Here in Phoenix, as many as 25,000 people came out to the state Capitol to demonstrate in solidarity with those who they felt have been marginalized by the incoming Trump administration.

And, on the day of the march, a group of sociologists from the University of Maryland hit the streets as well to document the event.

As sociologists, they wanted to know things like who exactly showed up for the march, what their motivations were and how active they were in politics before they showed up that day.

According to one of the researchers, Dawn M. Dow, their goal is to find out how the election has potentially spurred a new wave of activism — and what that wave looks like.

So, they designed a survey that asked some basic questions of people at the march like, "‘What are your political affiliations?," "Did you vote in the election?" and "Who did you vote for?"

And that’s something that a lot of people speculated about in the days following the Women’s March — did the people who marched actually vote in the election?

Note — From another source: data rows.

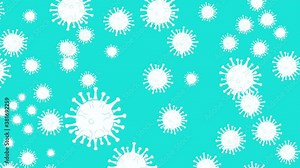 White and teal convert background which you can use for presentations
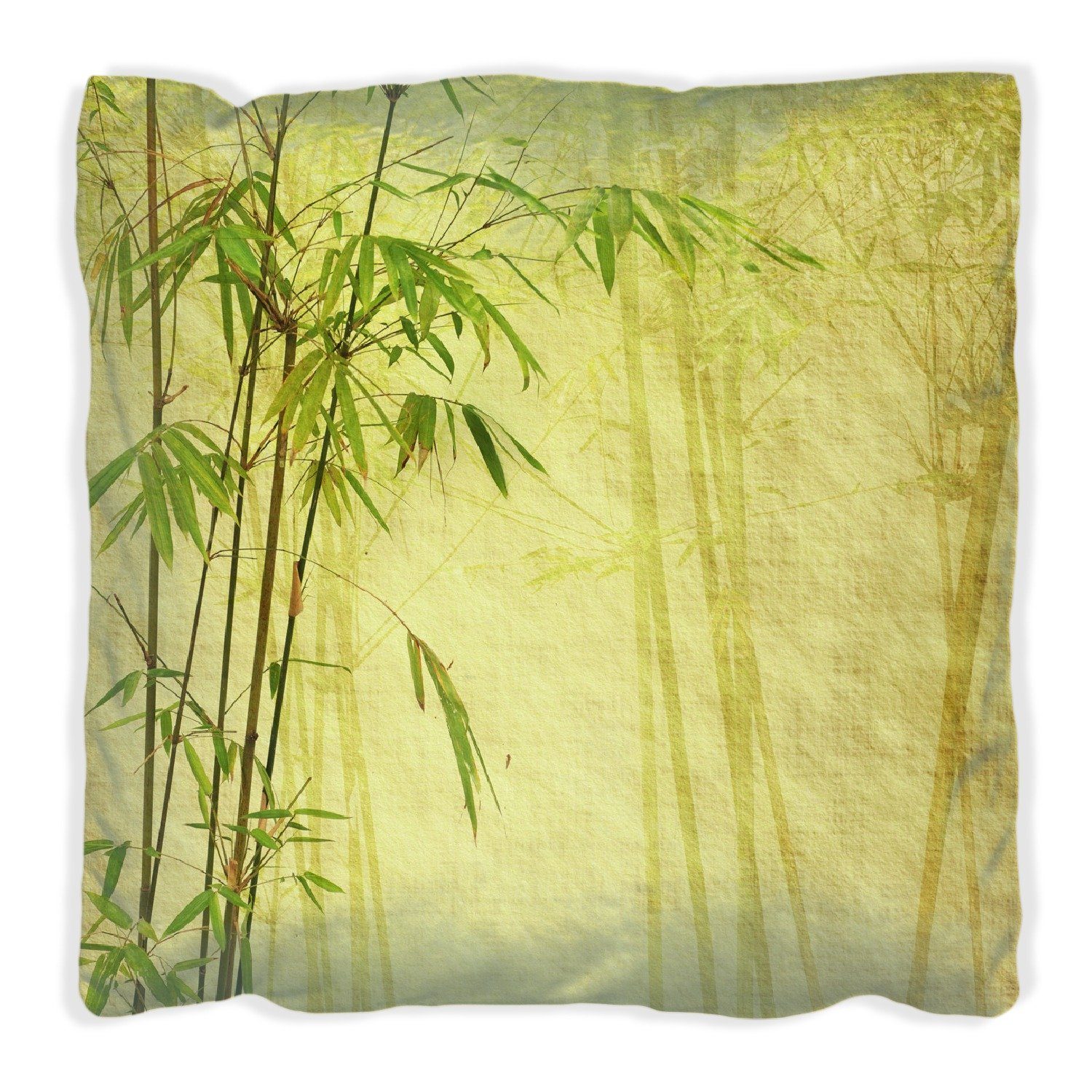 Bambus, Dekokissen Wallario Antiker handgenäht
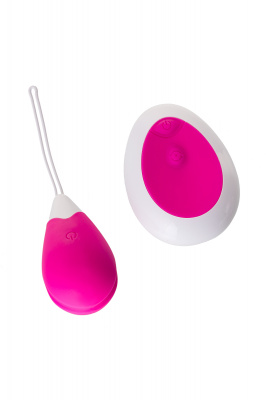 Виброяйцо ToyFa A-toys Eggo с пультом ДУ, силикон, розовый, 6 см арт. 764003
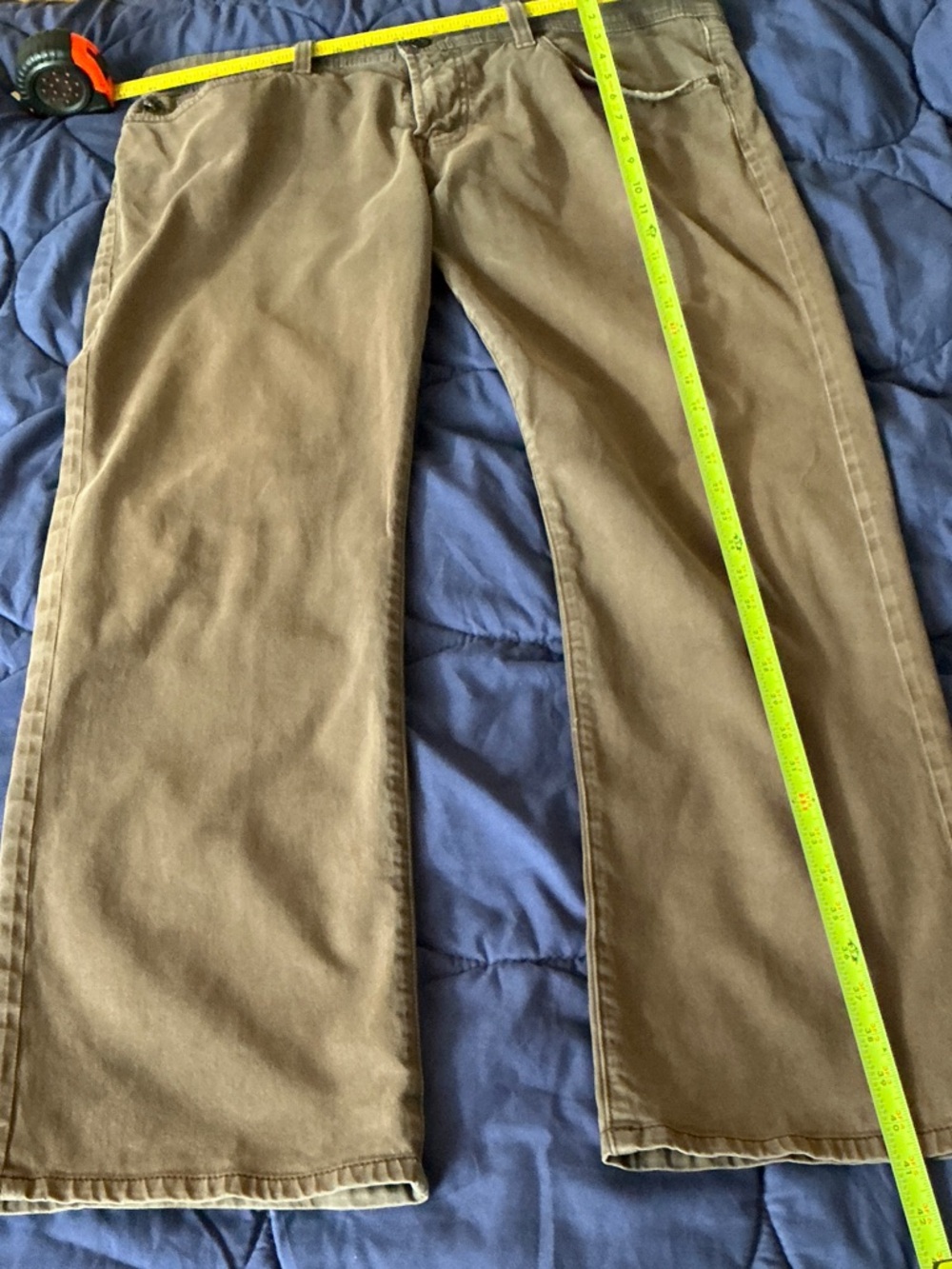 Ag Adriano Goldschmied Men's Brown Straight-Leg Chinos 36x34”The Protege”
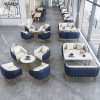 Bàn ghế Internet quán trà sữa quán cà phê ghế sofa sang trọng đàm phán Bàn ghế văn phòng bán hàng văn phòng tiếp tân văn phòng sofa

Dow said they found that most of the people who came out to march around the country did vote, and that most voted for Hillary Clinton. And, when it came to the issues people cited that brought them out to demonstrate, they were broad, said Dow, who’s an assistant professor of sociology at the University of Maryland.

“It’s not surprising that for a march that was called the Women’s March, that a large portion of the people were out there for issues that were sort of connected to women’s rights,” she said. “But, then if you look at the sort of second-tier levels of responses … approximately a third said environmental justice, or racial justice, issues related to LGBT communities, reproductive rights.”

They also found that a third of the people in the march had never protested before, Dow said.

“Big marches tend to bring out new people, but a third is a lot,” she said. “And then if you include that amount with people who haven’t been out for a protest for the last five years, that number goes up to over 50 percent of the people who came.”

So, Dow said, it seemed to bring out a new group of activists.

“I think that you saw people out there who, this was not something that they normally did but they felt as though coming to this march and bringing their friends, their colleagues, their daughters, their sons, that it was an important thing to do,” Dow said.

She said it’s difficult to speculate on what could come of the march in the future. But, she said, what seems to be happening is that it’s bringing together a broad, intersectional coalition of people who may not have been in the same space before.

“So, it some ways it seems to be providing some kind of framework for activism in the future,” Dow said.